My First Sub-Culture Artist Friend

When I was twelve I used to make art at a table where each of us who shared the table was from a different race or culture. We joked that we all made "highly integrated" art. My art table friend was American Indian girl, who encouraged me to follow her home one day after school.

When we arrived, her whole family (seven more people) were sitting on two couches that faced each other. No other furniture except a lamp, a TV on a table in the corner and a coffee table. The TV wasn't on.

I sat down, squishing myself in where they made room for me to sit as she did. She introduced me to her family. We giggled a little about something that had happened at school that day. The conversation died down. I asked what the dog's name was after some time had gone by. Another five minutes went by. Her family members told me the story, a sentence at a time from almost every person there, about how the dog arrived and came to be adopted into the family. Another long silence.
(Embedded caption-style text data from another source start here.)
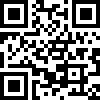 https://khabaronline.ir/xdp5r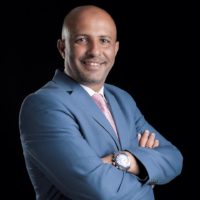 134353980_4099350983426501_5071592972834445346_n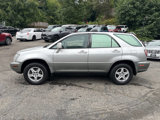 Used 1999 Lexus RX 300 4WD image 2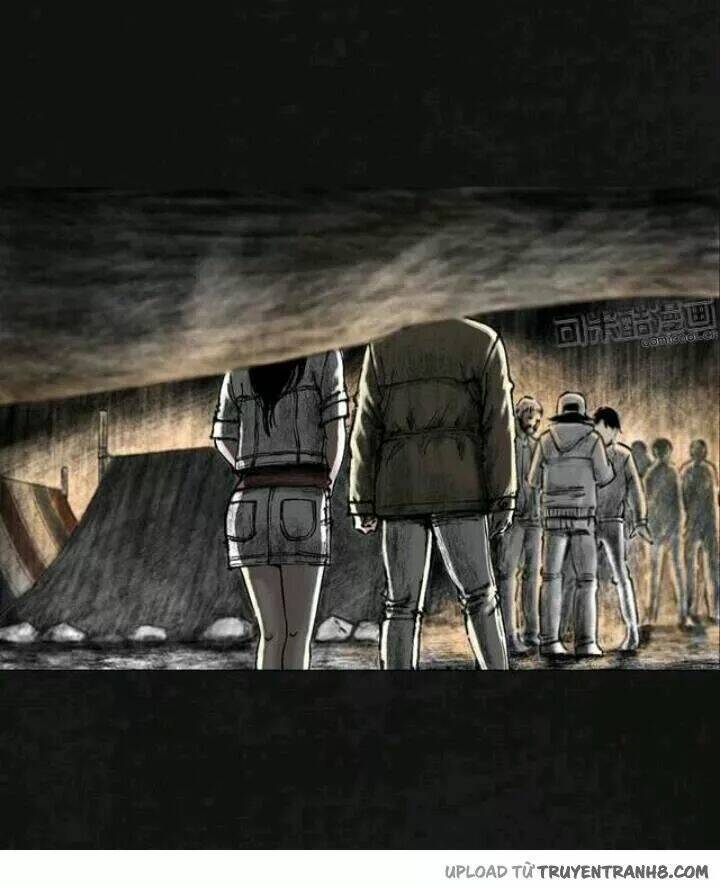 trấn thái bình chapter 11 55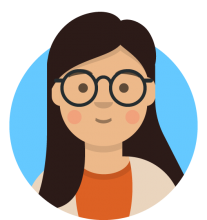 Cheryl Lee__Avataaars Cheryl Lee__Avataaars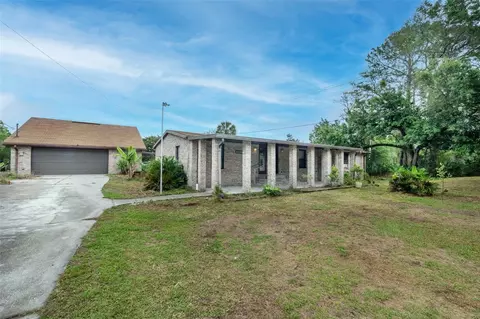 Other - 16229 Shellcracker Rd, Jacksonville, FL 32226 photo 16 of 17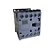 Minicontator CWCA0-22-00V26 10A 190V/50Hz 220V/60Hz WEG 12486843 - Imagem 1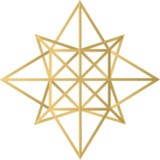 Authentic Living, LLC - Psychotherapist in Atlanta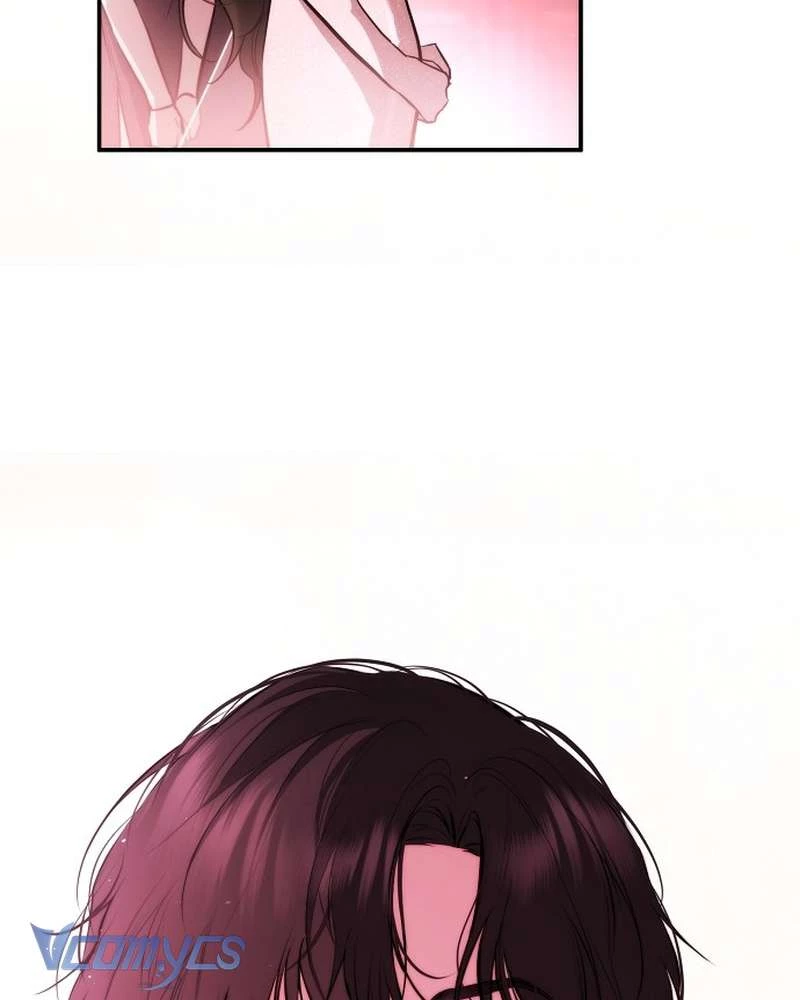 Hãy Dạy Em Cách Khao Khát Chapter 27 - 35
I looked at everyone. They didn't seem to be expecting anything from me, so I just sat there. We sat for about a half hour. Her mom got up and offered us all iced tea because it was hot. We drank the tea and rattled the ice cubes together. Nobody said anything for the next half hour.

Then as if on some cue, everyone got up. We said goodbye to each other and they asked me to come back again and visit. They said they really enjoyed meeting me and was looking forward to seeing me again. They were happy their daughter had such an interesting friend. I wasn't really sure why they thought I was interesting. Then I walked home, feeling lucky I'd just been in another world where I could be interesting for just sitting on a couch keeping my mouth shut.

I kept making art with her and hanging out with her at school and lunchtime, but I couldn't figure out a reason to come back to visit her at her house and she did not press me to return. She said everyone she brought over to her house did not feel very comfortable there. I wanted to be different, but at the time it was just too strange for me too. I'd never traveled before and didn't really understand that I was going to a different culture when I was really just visiting that house down the street.